Of the Replacement of a conventional steel sheet with an aluminum material, which has a lower specific gravity is on different Areas in the coming; in the automotive sector is characterized by the aluminum material reduces the weight of an automobile body, thereby reducing the Efficiency of fuel consumption to improve, on a large scale contributes to a reduction in the amount of carbon dioxide exhaust gas. When Aluminum materials for an automobile will be mainly Aluminum 5000 or 6000 type alloy materials are used and every surface of these aluminum alloy materials is prepared using a press oil (Process oil) treated for the exclusive one Purpose to improve the moldability. These aluminum alloy materials are usually difficult to bond by use an adhesive and it is therefore desirable to use an adhesive an excellent adhesion to develop.

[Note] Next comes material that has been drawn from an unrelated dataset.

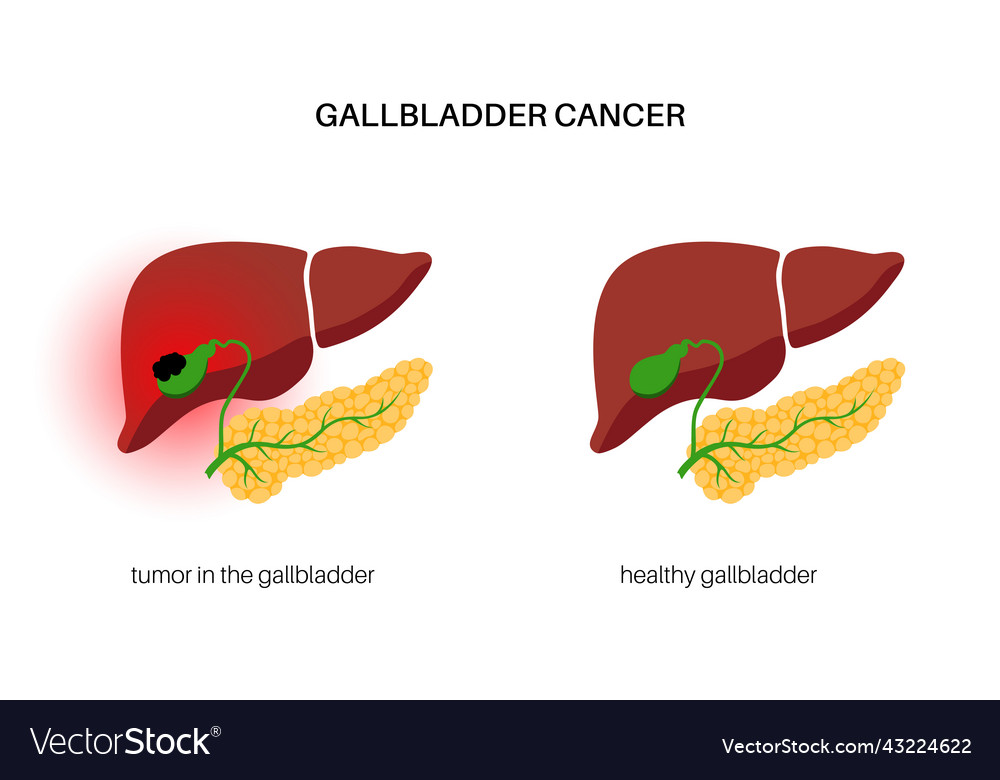 Gallbladder cancer anatomy Royalty Free Vector Image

aim the present invention is to provide a curable (crosslinkable or vulcanizable) To provide a composition that does not contain polyvinyl chloride resin, a good rinse off (Shower) resistance and excellent adhesion to aluminum alloy materials or the like possesses.

Summary the invention

The Inventors of the present invention have extensive investigations carried out, around the above curable To develop composition and as a result, it was found that a core-shell type acrylic resin that is in practice already used as an acrylic sol, using a synthetic sol Rubber as a main component applied to a composition can be, thereby obtaining a material that is not the use requires a specific plasticizer, offers great cost advantages and a high rinsing resistance having. This will work too reached the case that a multipurpose plasticizer to ensure the viscosity stability by Use of a high energy resin in the shell part is gelled and by using stable (tough) properties using a resin that gels with low energy in the core part. About that In addition, the inventors of the present invention have also found that by the use of paraffin or naphthenic hydrocarbons, by distillation of crude oil, or a chemically synthesized compound, as a diluent and by a combination of an epoxy resin with a latent one Harder as a liability promoter a curable Composition is provided which has a high adhesion to a has such aluminum alloy material applied to a press oil (process oil) is.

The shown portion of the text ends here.